Assigned task —
What you return must be every line below that includes the word "Snapshot".

Short descriptive text snippets
-=-=-

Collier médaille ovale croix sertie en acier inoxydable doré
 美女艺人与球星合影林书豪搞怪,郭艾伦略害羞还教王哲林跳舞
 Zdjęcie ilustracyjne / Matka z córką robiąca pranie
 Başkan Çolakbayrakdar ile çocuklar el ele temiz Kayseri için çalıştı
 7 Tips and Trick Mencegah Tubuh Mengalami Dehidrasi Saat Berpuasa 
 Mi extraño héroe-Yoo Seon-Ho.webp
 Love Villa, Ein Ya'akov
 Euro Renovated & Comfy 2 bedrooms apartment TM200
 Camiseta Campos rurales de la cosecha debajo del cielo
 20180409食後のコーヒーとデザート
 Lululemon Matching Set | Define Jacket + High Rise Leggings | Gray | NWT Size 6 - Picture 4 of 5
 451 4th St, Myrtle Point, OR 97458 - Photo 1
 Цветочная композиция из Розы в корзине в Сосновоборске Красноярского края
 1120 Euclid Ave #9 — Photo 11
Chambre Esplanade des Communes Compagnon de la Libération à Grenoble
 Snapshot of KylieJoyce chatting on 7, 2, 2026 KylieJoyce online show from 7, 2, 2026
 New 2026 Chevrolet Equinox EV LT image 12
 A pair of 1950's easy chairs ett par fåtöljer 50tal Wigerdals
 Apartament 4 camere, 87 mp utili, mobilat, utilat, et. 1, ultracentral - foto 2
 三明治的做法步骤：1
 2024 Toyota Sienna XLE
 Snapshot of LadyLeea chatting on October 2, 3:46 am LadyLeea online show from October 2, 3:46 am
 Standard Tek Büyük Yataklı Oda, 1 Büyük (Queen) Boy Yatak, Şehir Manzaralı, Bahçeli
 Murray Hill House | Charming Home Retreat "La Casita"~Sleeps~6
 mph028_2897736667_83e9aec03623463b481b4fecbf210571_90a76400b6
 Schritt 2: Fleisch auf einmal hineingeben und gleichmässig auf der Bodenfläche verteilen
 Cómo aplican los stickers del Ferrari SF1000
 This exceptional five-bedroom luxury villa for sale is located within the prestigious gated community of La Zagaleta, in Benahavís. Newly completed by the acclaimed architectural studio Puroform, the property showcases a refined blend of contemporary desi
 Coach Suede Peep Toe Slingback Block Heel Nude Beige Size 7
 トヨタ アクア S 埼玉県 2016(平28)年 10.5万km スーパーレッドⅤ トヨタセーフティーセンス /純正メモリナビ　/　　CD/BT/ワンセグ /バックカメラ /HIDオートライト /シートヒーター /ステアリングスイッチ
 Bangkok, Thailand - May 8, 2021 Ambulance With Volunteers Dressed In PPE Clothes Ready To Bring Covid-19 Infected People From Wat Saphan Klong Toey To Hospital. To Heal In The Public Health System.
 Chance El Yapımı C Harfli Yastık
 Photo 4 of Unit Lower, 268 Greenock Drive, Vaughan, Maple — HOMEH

-=-=-

Reply to the exercise —
 Snapshot of KylieJoyce chatting on 7, 2, 2026 KylieJoyce online show from 7, 2, 2026
 Snapshot of LadyLeea chatting on October 2, 3:46 am LadyLeea online show from October 2, 3:46 am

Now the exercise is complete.